Kornel Morawiecki swoim przemówieniem wzruszył nie tylko ludzi wierzących i nie tylko prawicę. Wzruszył wszystkich, dla których wartości mają znaczenie.
Powrót do spraw najistotniejszych, do sensu człowieczeństwa i do znaczenia państwa jako organizacji, ma dziś fundamentalne znaczenie w obliczu zagrożeń, jakie z nową siłą dały o sobie znać po zamachach we Francji. Trzeba odkłamać znaczenie podstawowych pojęć, takich jak wolność, tolerancja czy patriotyzm. Dziś używa się ich, nadając im znaczenie, które ma mieszać ludziom w głowach, budować poczucie winy i kompleksy. A wystarczy wrócić do podstaw.
Zatem wolność, o czym należy przypominać, też ma swoje ograniczenia. Jej granicą jest dobro drugiego człowieka. Gdy ta jest naruszana, wolność przestaje być wartością. Nie może być tak, że w imię fałszywie pojętej wolności toleruje się zachowania godzące w naszą kulturę, cywilizację i wyznanie. Nie może być tak, że ze strachu przed etykietą „zacofania i ciemnogrodu” nie bronimy dorobku naszej cywilizacji. A jest to cywilizacja chrześcijańska. To akurat sobie w szybkim tempie przypominamy, widząc, jaka może być alternatywa.
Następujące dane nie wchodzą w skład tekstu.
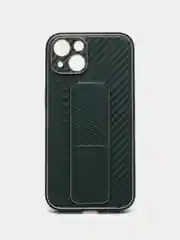 Зеленый чехол на iPhone c подставкой, 12, 13, 14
Tolerancja też nie może być słowem maczugą, a tak jest od lat używana. Tolerujmy wszystko i wszystkich, nawet to, co nam się nie podoba i co nam szkodzi, bo inaczej nie będziemy nowocześni. A tolerancja musi mieć granicę. Nie może być bezwarunkowa. Brak tolerancji też może być wartością, tak jak ucieczka od fałszywie pojętej wolności.
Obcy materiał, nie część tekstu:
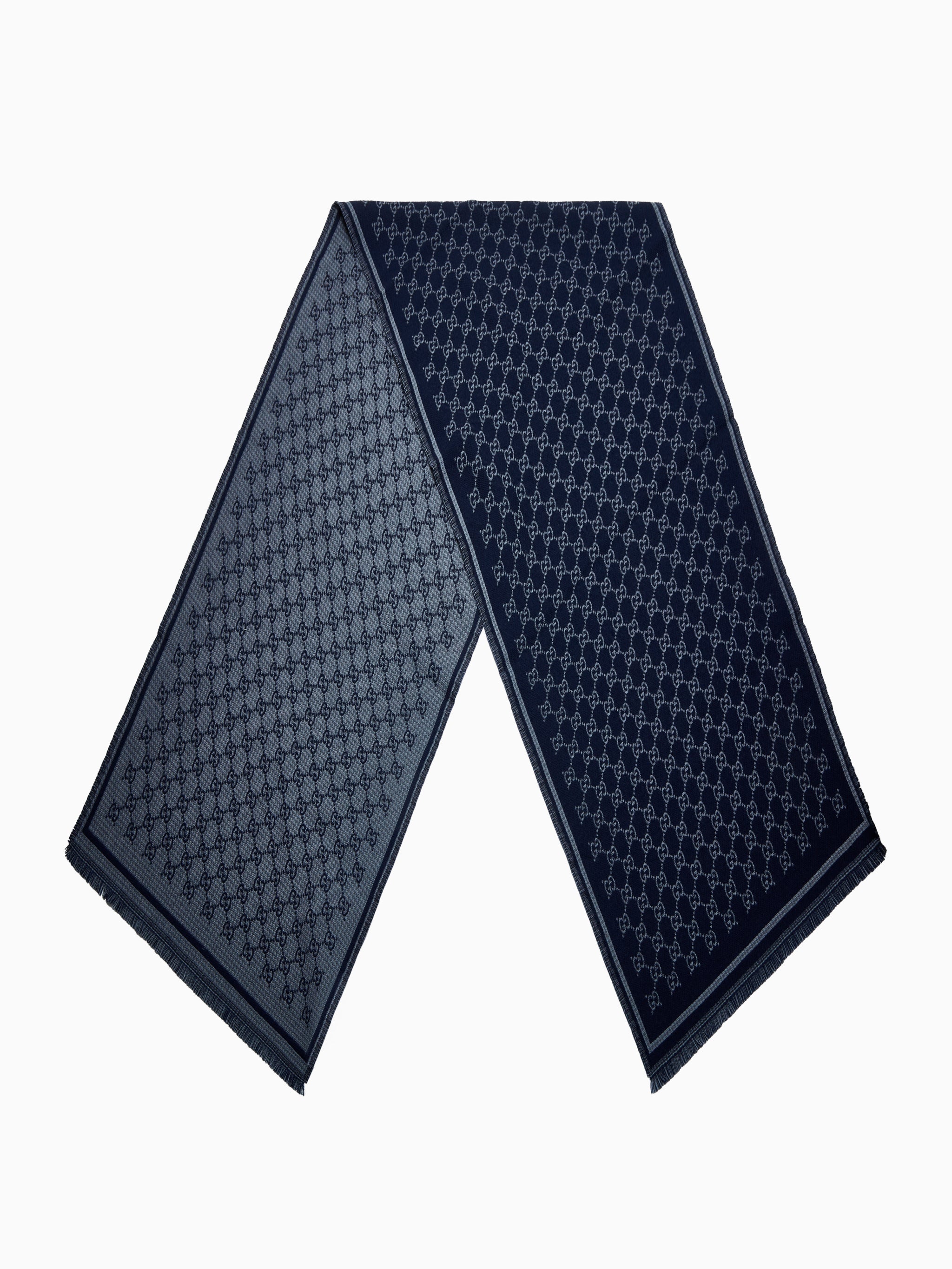 GG jacquard pattern knitted scarf | Gucci | OTTODISANPIETRO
I wreszcie państwo. Trzeba wrócić do początku, do podstaw. Po co ludzie zakładali państwa? Głównym powodem było to, by państwo, na które obywatele łożyli, dało im ochronę i poczucie bezpieczeństwa. Mitem okazało się popularne przez lata twierdzenie, że skończyły się państwa i granice. Otwarty świat wolności, tolerancji i pokoju to utopia. Ktoś, kto kocha swój naród i swoją ojczyznę, nie jest ksenofobem i nacjonalistą. Jest patriotą i należy mu się szacunek. Postawienie tych spraw na głowie to celowy zabieg propagandystów i głosicieli ponadnarodowej idei równości i braterstwa, od lat tej samej, ubieranej tylko w nowe szaty. Dobrze, że jest czas przywracania sensu słowom i – trzeba mieć nadzieję – działaniom. Niedobrze, że dopiero teraz, gdy jesteśmy pod ścianą.